4.6.4. Het hof deelt ook niet het standpunt van de Staat dat "ook naar normaal taalgebruik het uitbranden van een auto zonder twijfel te beschouwen is als een verkeersongeval" (memorie van grieven par. 3.4). Volgens het Groot Woordenboek der Nederlandsche taal van Van Dale (dertiende druk) - dat toch gezaghebbend is als het gaat om de vraag wat geldt als normaal taalgebruik - wordt "verkeersongeval" gedefinieerd als "ongeval in het verkeer, waarbij andere verkeersdeelnemers zijn betrokken". Het onderhavige incident valt - nu daarbij geen andere verkeersdeelnemers zijn betrokken - niet onder deze definitie.
Naar het oordeel van het hof is het uitbranden van een auto eerder dan met een verkeersongeval te vergelijken met het krijgen van een lekke band of een andere vorm van autopech, in welk geval de auto ook op vluchtstrook wordt gezet, en welke gebeurtenis in ieder geval in het normale spraakgebruik niet als verkeersongeval zal worden betiteld.
4.6.5. Ook het feit dat thans - opnieuw - een wetsontwerp in de maak is dat ten doel heeft voor dit geval aansprakelijkheid te vestigen duidt erop dat artikel 185 WVW niet bedoeld is voor een geval als het onderhavige, terwijl volgens dat ontwerp aansprakelijkheid ook niet alsnog gevestigd wordt middels een aanpassing van dat artikel 185 WVW.
Hoewel het wetsontwerp kennelijk wel beoogt in een dergelijk geval de eigenaar van de uitbrandende auto aansprakelijk te stellen voor een schade zoals die zich thans heeft voorgedaan, wordt immers de oplossing niet gezocht in het aanpassen van artikel 185 (bijvoorbeeld door de betekenis van de term "verkeersongeval" op te rekken), maar wordt artikel 185 wat dit betreft intact gelaten, en wordt het onderhavige geval (als er sprake is van een gebrek) gebracht onder het bepaalde in artikel 6:173 BW, doordat de uitzondering die in lid 3 van dit artikel thans wordt gemaakt voor motorrijtuigen komt te vervallen.
4.7. Grief II keert zich tegen de overweging van de rechtbank dat de vordering van de Staat evenmin op het bepaalde in artikel 6:162 lid 3 BW kan worden gebaseerd.
4.8. Ook deze grief faalt.
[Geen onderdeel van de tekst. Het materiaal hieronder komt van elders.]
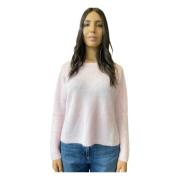 Kangra Mjuk Alpacka Crewneck Tröja Rosa Pink, Dam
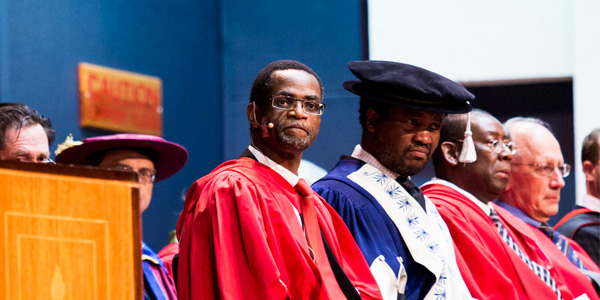 Professor Cuthbert Musingwini at the Faculty of Engineering and the Built Environment graduation ceremony Professor Cuthbert Musingwini at the Faculty of Engineering and the Built Environment graduation ceremony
Het hof overweegt als volgt.
4.8.1. Dat de Staat schade lijdt bij het ontstaan waarvan een derde is betrokken schept nog niet de verplichting van die derde deze schade te vergoeden. Uitgangspunt van het recht is immers de regel dat ieder zijn eigen schade draagt, behoudens voor zover daarvan middels wetgeving is afgeweken (HR 29 januari 1932, NJ 1932, p. 330). Dat de Staat - zoals ter toelichting van deze grief wordt aangevoerd - er belang bij heeft elke schade, hoe klein ook, te verhalen is duidelijk, maar is dan ook onvoldoende grond om de vordering toe te wijzen.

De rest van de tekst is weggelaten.